Casual PvP- generating the gear needed to play in ranked, this involves being thrown in with mostly random people in an objective based pvp environment. Very popular among those who don't want to coordinate in Skype, or people who just want to play some.
*This is what the bot in question does:* It automates this casual pvp. This allows the players to have alternate accounts that are getting gear on multiple characters. This means that they can play pvp with different classes easier than those who do not cheat. A few fools even botted from their main accounts, which the bot authors always tell you not to do. These bots shit up the game- you'll queue up and notice some of the players are bots, and if your team has too many, you'll lose. If the enemy team has too many, your win will not be fun, because bots are stupid.

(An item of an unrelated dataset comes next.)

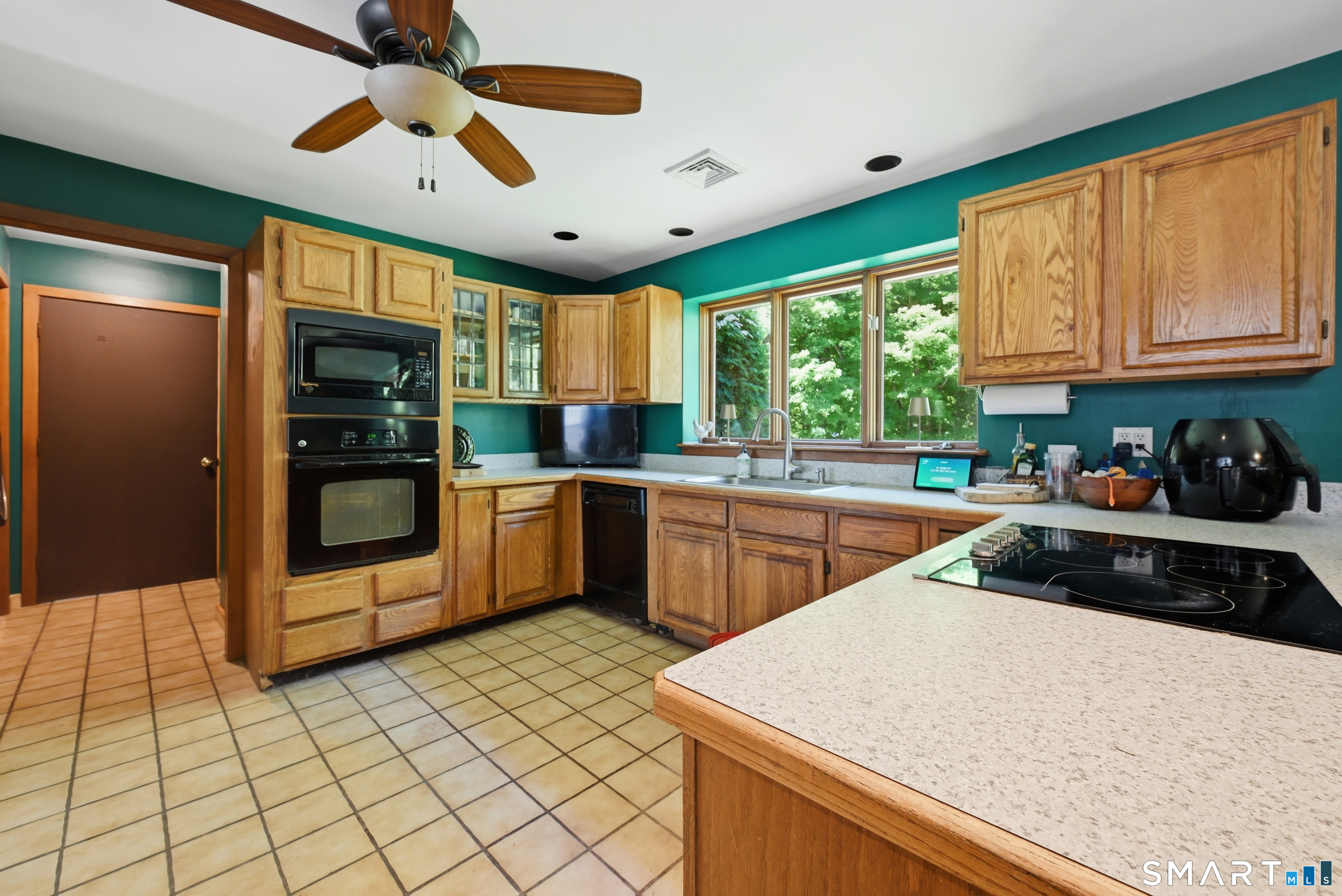 19 Hi Barlow Road Newtown, CT 06470 - Photo 13 of 40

I don't play WoW right now, but I'm very glad to see them banning these clowns.
Why not fight bots with bots? Players caught using bots get a "special" servers, where the bots cheat, and constantly pummel the players.
After a few days of getting pummeled, getting their inventory reduced to nothing, the problem will take care of itself, and they will either stop using bots, cancel their subscriptions and start a new one, or just quit altogether.

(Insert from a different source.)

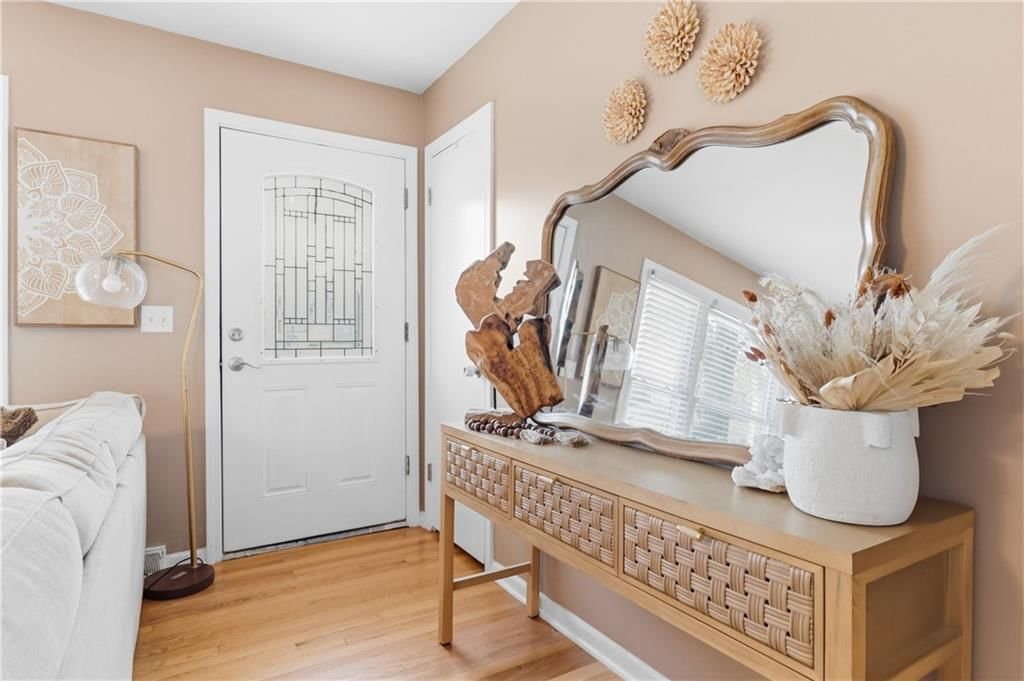 815 S Brentwood Street — photo 3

So people pay to play this game...... then they pay other people so they don't have to......... odd
Either that, or the in-game capital has an exchange value to real-life currency, and they want more of that for some reason.
move to a real game that is fun enough that you dont want to bot! check out Archeage
oh, wait, no, those were just account stealing gold pirates and people using bots.
God those are so annoying.
Way to go, Blizz!
-- Tigger warning: This post may contain tiggers! --
Did they drop any good loot?
should be allowed to drink alcohol.
Some people are drug addicts, so no one should be allowed to use drugs.
Some people are addicted to World of Warcrack, so no one should be allowed to play WoW.
The baby can't digest meat, so all of us have to drink milk....
The USA is only 4X older than me...perspective
Great, can you guys get on the Starcraft cheaters now? Those cheaters only cheat to beat other individuals and they really ruin the game for everyone.
Great move by Blizzard. Now we need to go after the clowns that hack Starcraft 2. I really don't understand the mindset of cheaters/hackers... it's like they so utterly fail as human beings that they can't even have fun playing a video game without cheating. If you really hate "grinding" at WoW (and the article and comments suggest that this type of grinding isn't at all necessary to enjoy the game) then don't play it. Starcraft 2 hacking (generally maphacking to gain vision of your opponent's base and army) is even more counterproductive: the matchmaking/MMR system gives you opponents judged to be at exactly your skill level, with an expectation of 50% win/loss. By hacking you artificially inflate your perceived skill... leading to harder opponents, who can and will beat you DESPITE the cheating. Losing even when cheating must be a special kind of awful.